● PROMPT:
Copy out exactly, from the entries that follow, the line holding "Schotse hooglanders, met", the line holding "急用钱哪里可以借款到银行卡里2025年精选，梳理5个网贷平台门槛低一点的口子", and all lines between them, but no pictures.

● DATA SUPPLIED:
▼

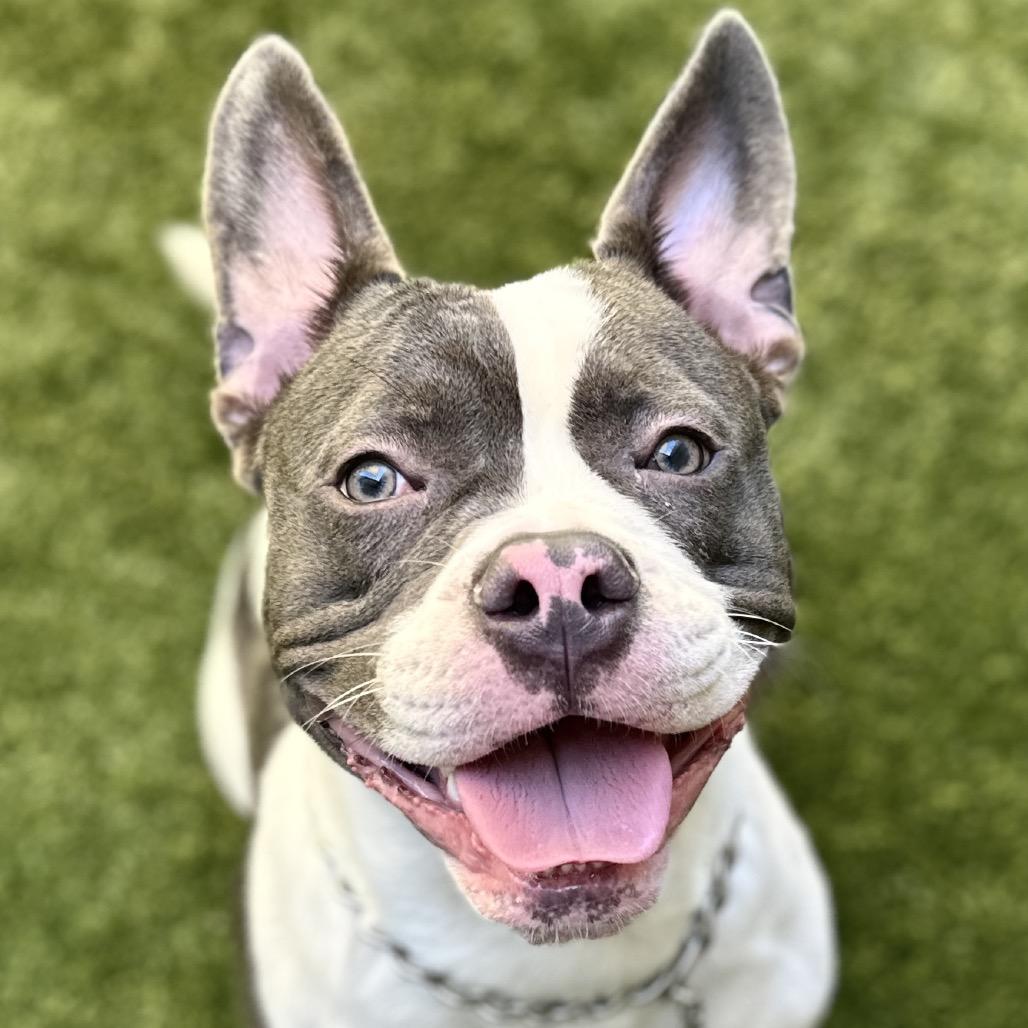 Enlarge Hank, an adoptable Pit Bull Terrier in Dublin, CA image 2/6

▲
▼

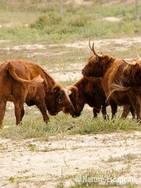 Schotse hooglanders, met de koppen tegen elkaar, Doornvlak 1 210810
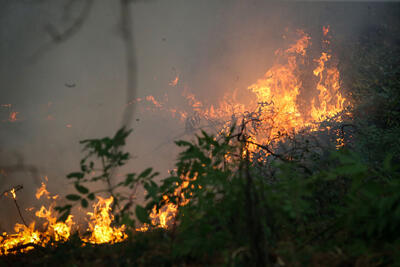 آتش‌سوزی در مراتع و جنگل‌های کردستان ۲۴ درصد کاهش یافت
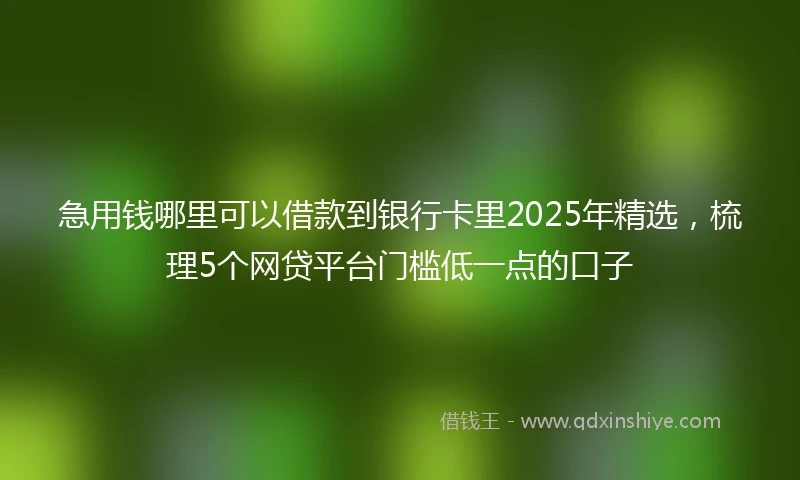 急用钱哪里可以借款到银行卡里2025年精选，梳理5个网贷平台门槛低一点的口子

▲

● RESPONSE TO THIS EXERCISE:
 Schotse hooglanders, met de koppen tegen elkaar, Doornvlak 1 210810
 آتش‌سوزی در مراتع و جنگل‌های کردستان ۲۴ درصد کاهش یافت
 急用钱哪里可以借款到银行卡里2025年精选，梳理5个网贷平台门槛低一点的口子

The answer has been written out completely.